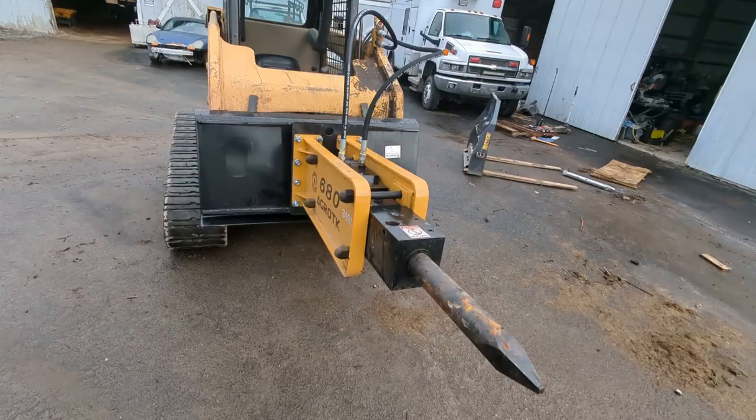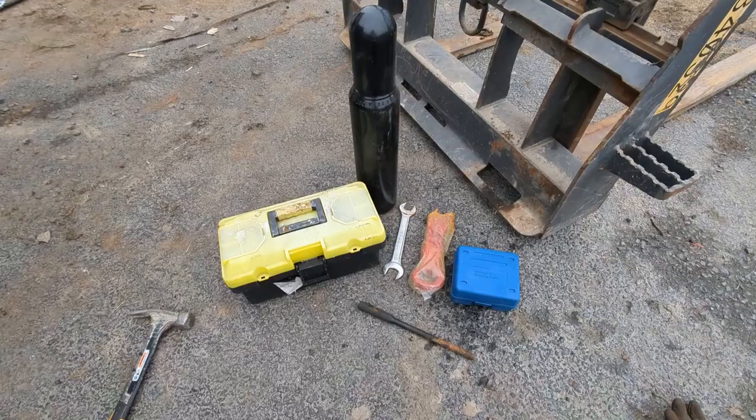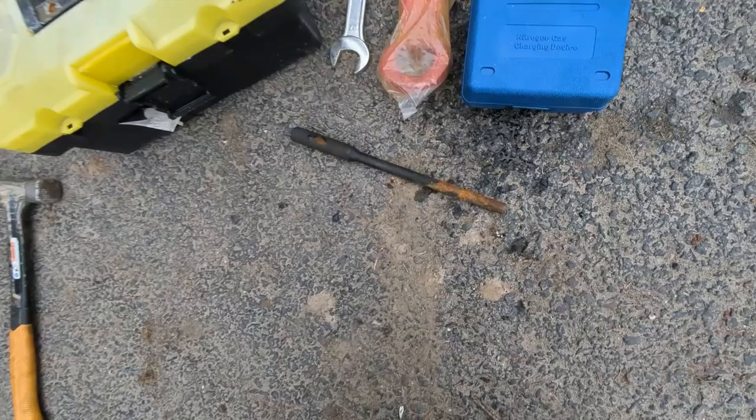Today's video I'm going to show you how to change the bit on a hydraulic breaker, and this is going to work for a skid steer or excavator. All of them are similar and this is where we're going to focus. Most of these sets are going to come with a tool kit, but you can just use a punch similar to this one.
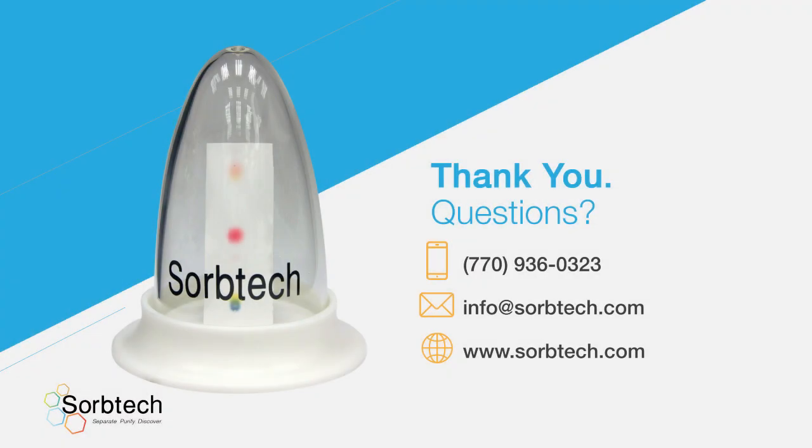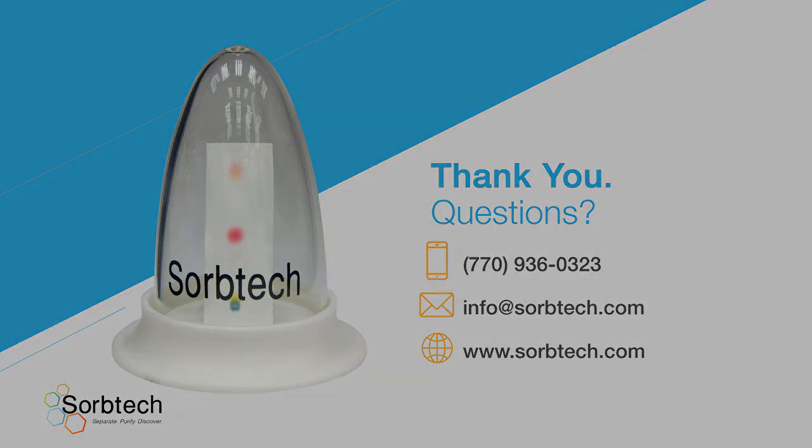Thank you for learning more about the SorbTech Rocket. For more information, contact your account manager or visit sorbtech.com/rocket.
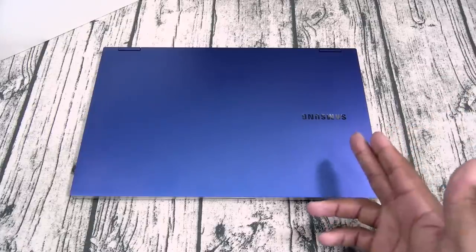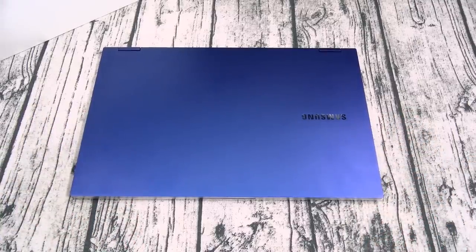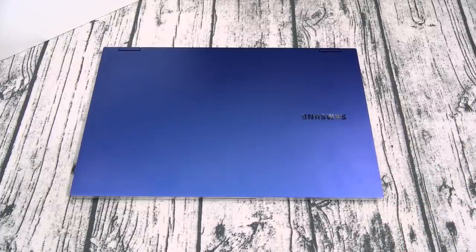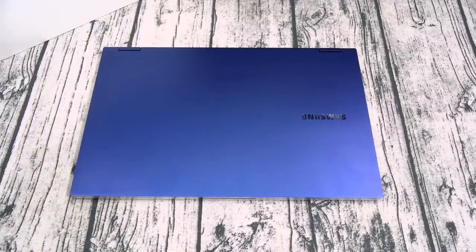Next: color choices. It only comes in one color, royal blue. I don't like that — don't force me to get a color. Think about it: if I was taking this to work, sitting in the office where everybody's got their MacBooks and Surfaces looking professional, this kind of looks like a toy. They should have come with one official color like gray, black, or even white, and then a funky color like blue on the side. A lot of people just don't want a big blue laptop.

------------------------------

**EXERCISE AIM**
Retype all the data exactly; skip the pictures.

**RESPONSE AREA**
Today's video I'm going to show you how to change the bit on a hydraulic breaker, and this is going to work for a skid steer or excavator. All of them are similar and this is where we're going to focus. Most of these sets are going to come with a tool kit, but you can just use a punch similar to this one.
Thank you for learning more about the SorbTech Rocket. For more information, contact your account manager or visit sorbtech.com/rocket.
Next: color choices. It only comes in one color, royal blue. I don't like that — don't force me to get a color. Think about it: if I was taking this to work, sitting in the office where everybody's got their MacBooks and Surfaces looking professional, this kind of looks like a toy. They should have come with one official color like gray, black, or even white, and then a funky color like blue on the side. A lot of people just don't want a big blue laptop.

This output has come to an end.